◆ Problem to work on
Please filter the entries and return only the lines that include "Image".

◆ Data
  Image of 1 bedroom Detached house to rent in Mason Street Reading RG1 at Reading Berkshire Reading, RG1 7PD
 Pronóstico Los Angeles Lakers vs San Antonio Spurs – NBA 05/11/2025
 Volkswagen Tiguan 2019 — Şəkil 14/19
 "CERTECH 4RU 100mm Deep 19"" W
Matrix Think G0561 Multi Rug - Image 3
...
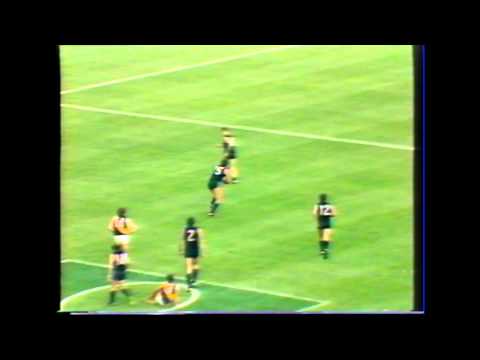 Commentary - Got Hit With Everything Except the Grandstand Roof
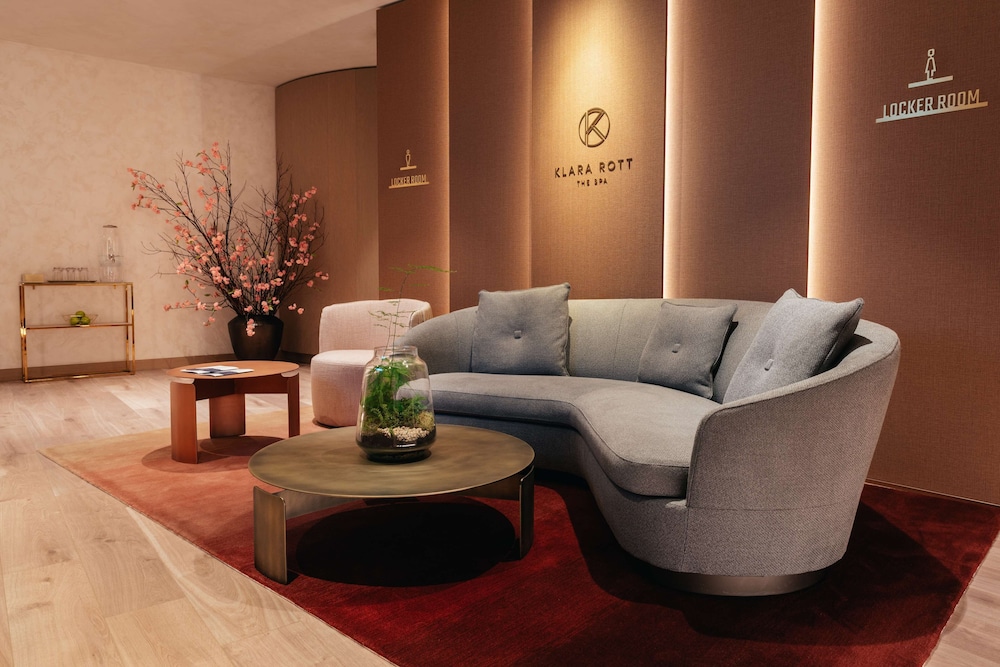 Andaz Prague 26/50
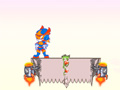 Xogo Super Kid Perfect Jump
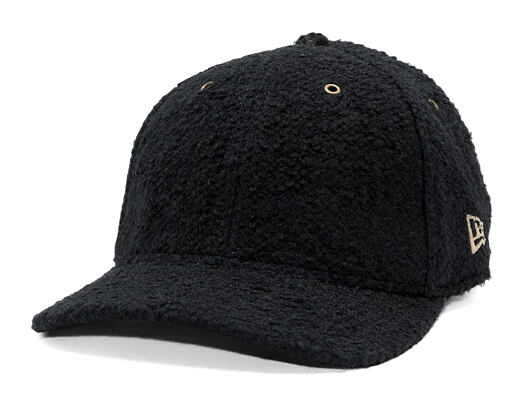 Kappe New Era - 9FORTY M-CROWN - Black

◆ Solution below
  Image of 1 bedroom Detached house to rent in Mason Street Reading RG1 at Reading Berkshire Reading, RG1 7PD
Matrix Think G0561 Multi Rug - Image 3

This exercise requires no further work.